----- Information supplied -----

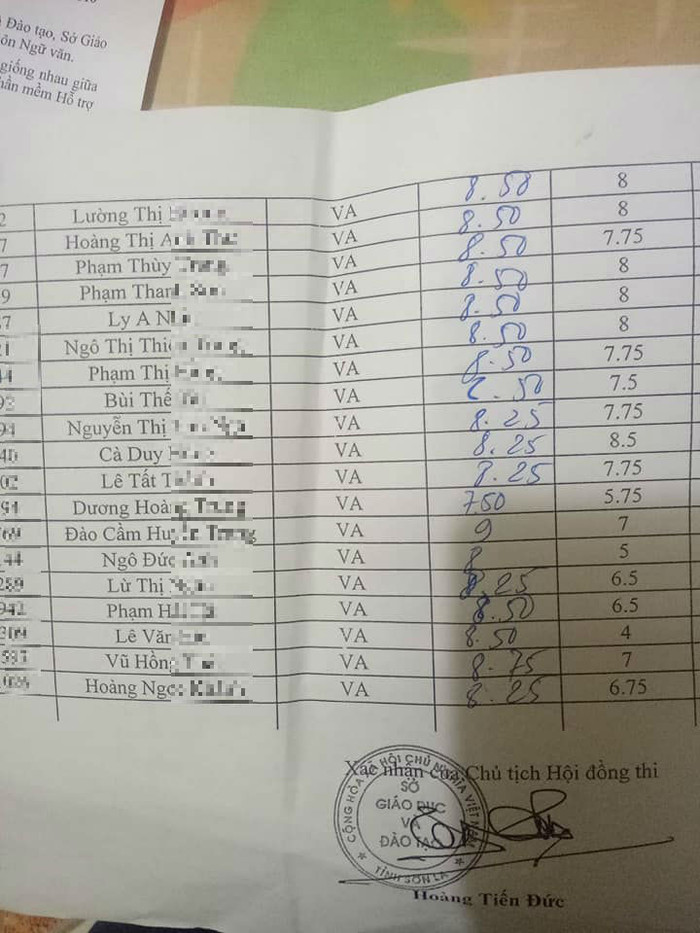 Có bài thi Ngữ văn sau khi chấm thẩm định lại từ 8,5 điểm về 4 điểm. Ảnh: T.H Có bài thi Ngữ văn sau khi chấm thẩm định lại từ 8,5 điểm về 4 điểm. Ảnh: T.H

-----
----- Information supplied -----

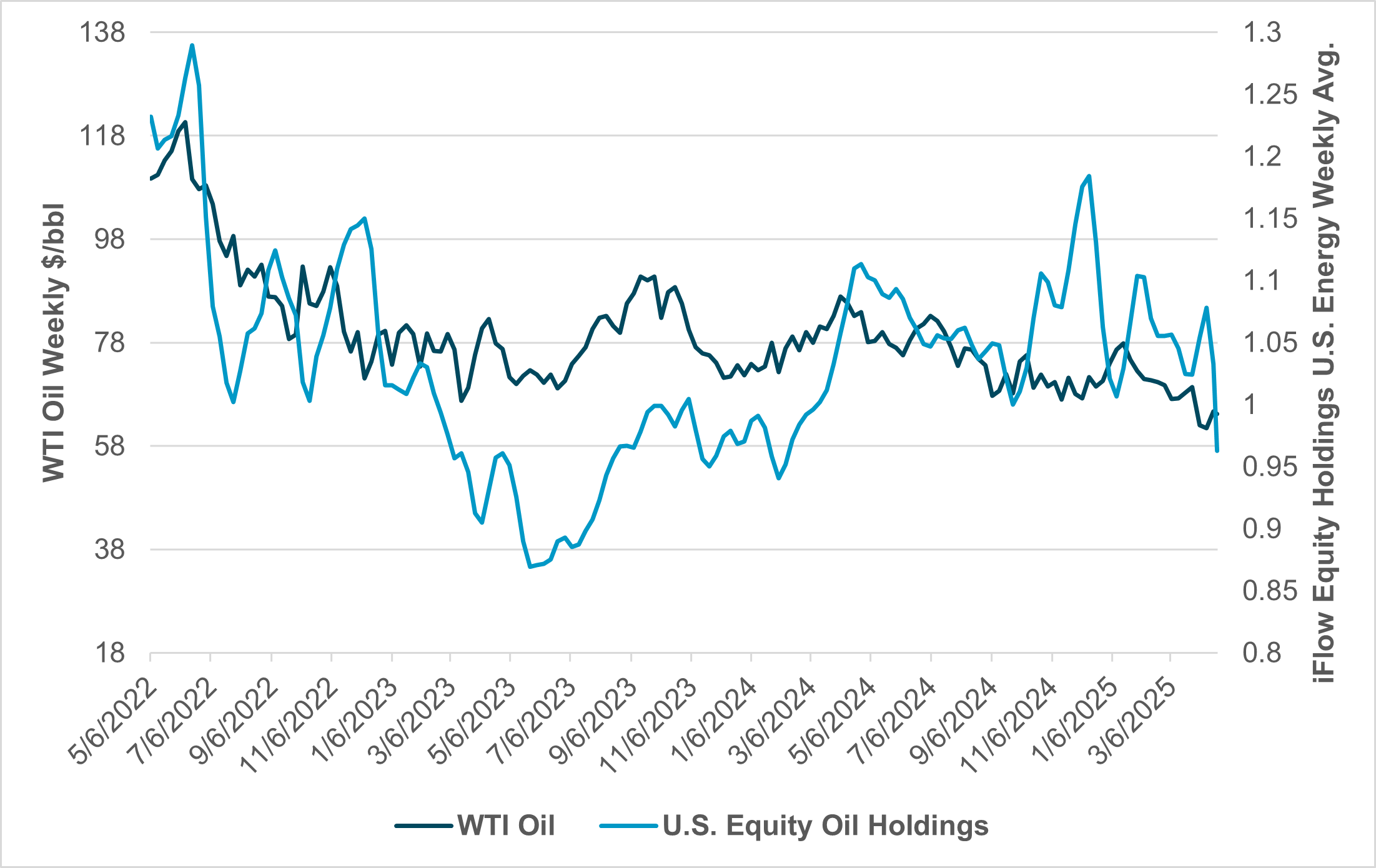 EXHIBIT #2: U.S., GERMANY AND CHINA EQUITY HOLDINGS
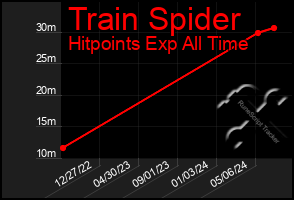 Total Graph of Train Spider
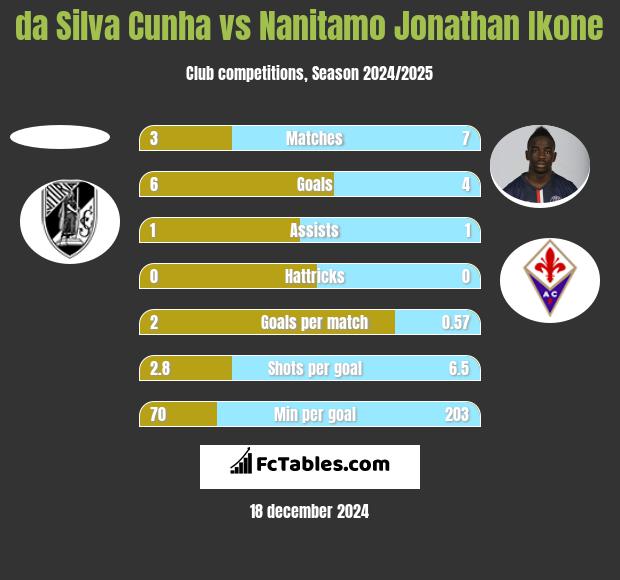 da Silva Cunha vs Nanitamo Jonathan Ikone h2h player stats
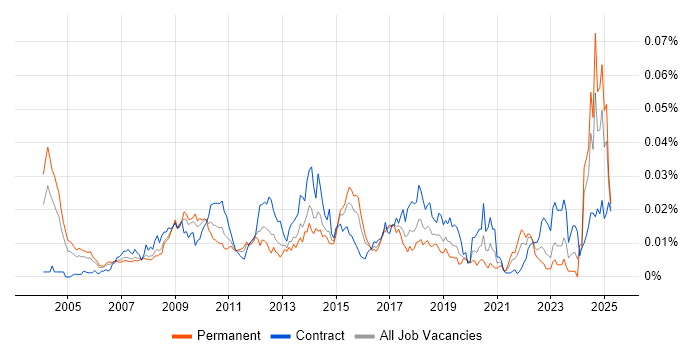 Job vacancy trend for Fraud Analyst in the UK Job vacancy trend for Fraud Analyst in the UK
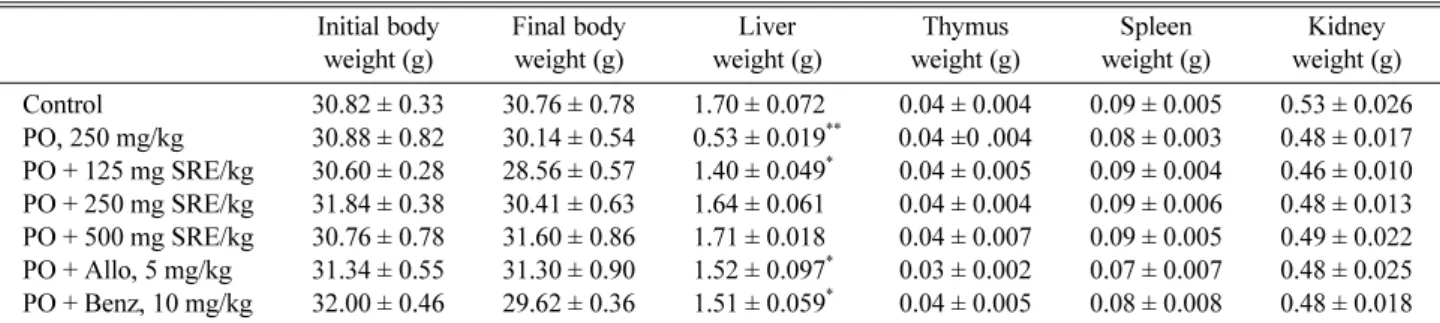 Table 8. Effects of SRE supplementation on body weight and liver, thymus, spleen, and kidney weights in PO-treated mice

-----
----- Information supplied -----

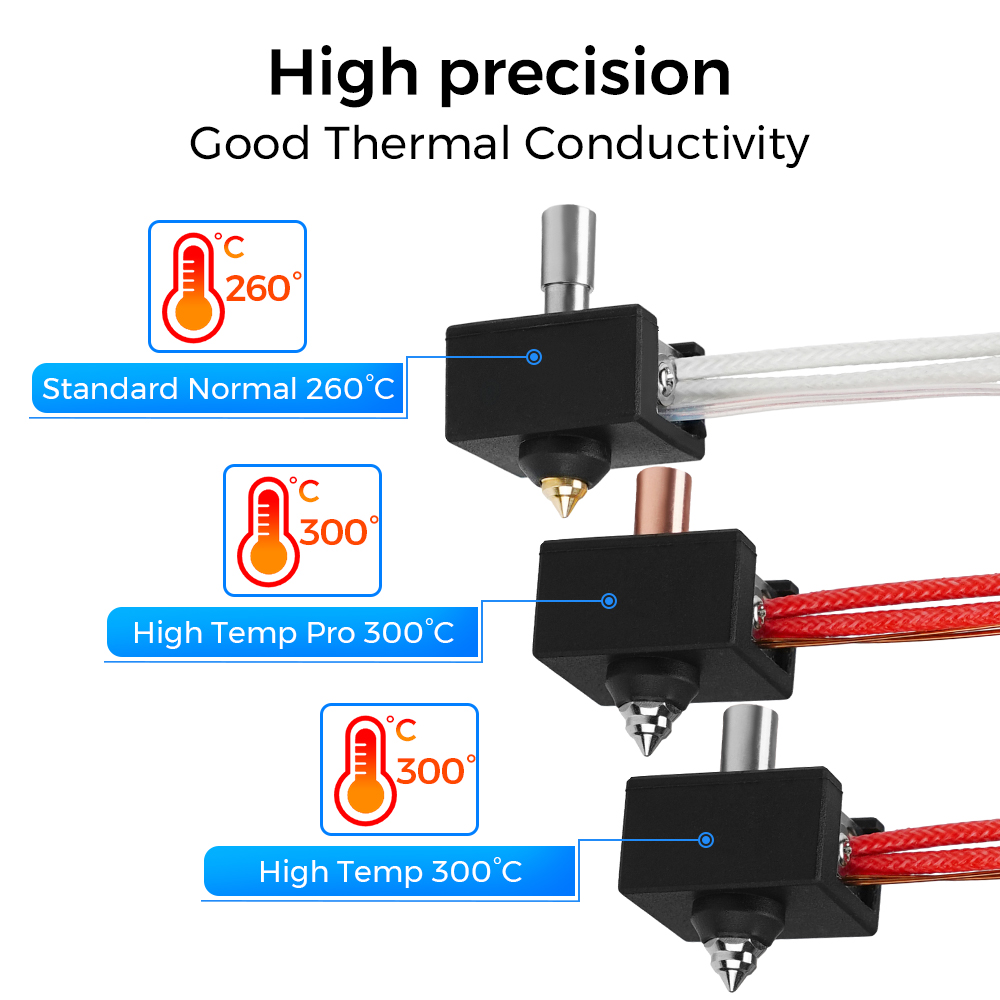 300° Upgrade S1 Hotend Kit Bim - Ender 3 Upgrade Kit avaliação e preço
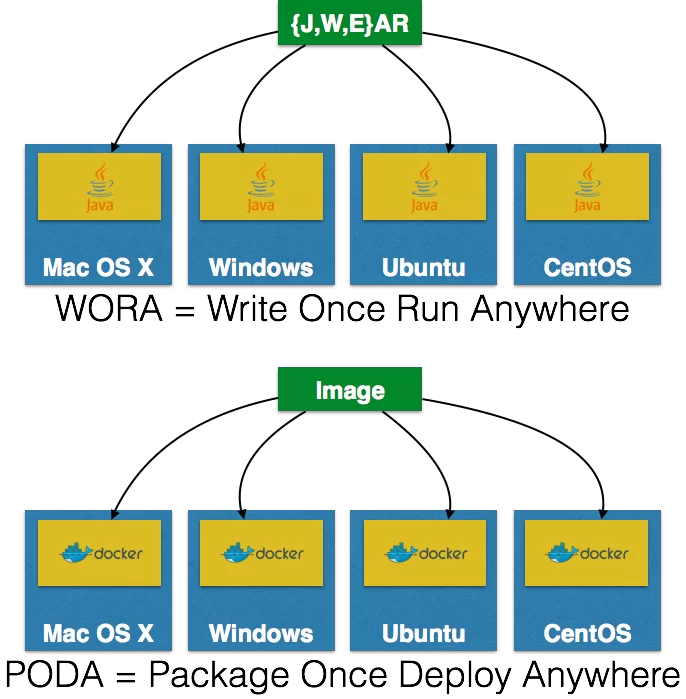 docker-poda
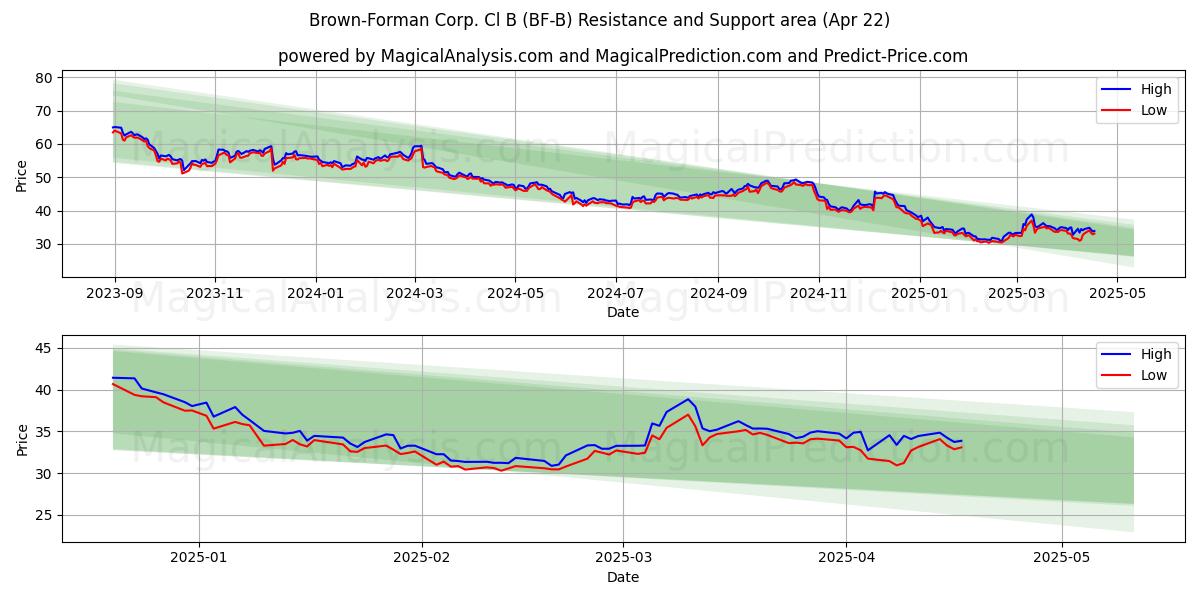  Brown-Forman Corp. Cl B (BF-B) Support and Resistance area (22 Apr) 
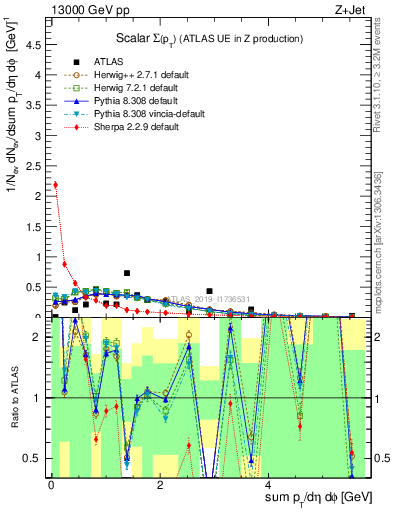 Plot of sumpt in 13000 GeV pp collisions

-----

How to complete this task:
What you return must match the lines above from the one with "EXHIBIT #2: U.S., GERMANY" through the one with "Table 8. Effects" exactly, with both ends included and the pictures excluded.

Expected answer:
 EXHIBIT #2: U.S., GERMANY AND CHINA EQUITY HOLDINGS
 Total Graph of Train Spider
 da Silva Cunha vs Nanitamo Jonathan Ikone h2h player stats
 Job vacancy trend for Fraud Analyst in the UK Job vacancy trend for Fraud Analyst in the UK
 Table 8. Effects of SRE supplementation on body weight and liver, thymus, spleen, and kidney weights in PO-treated mice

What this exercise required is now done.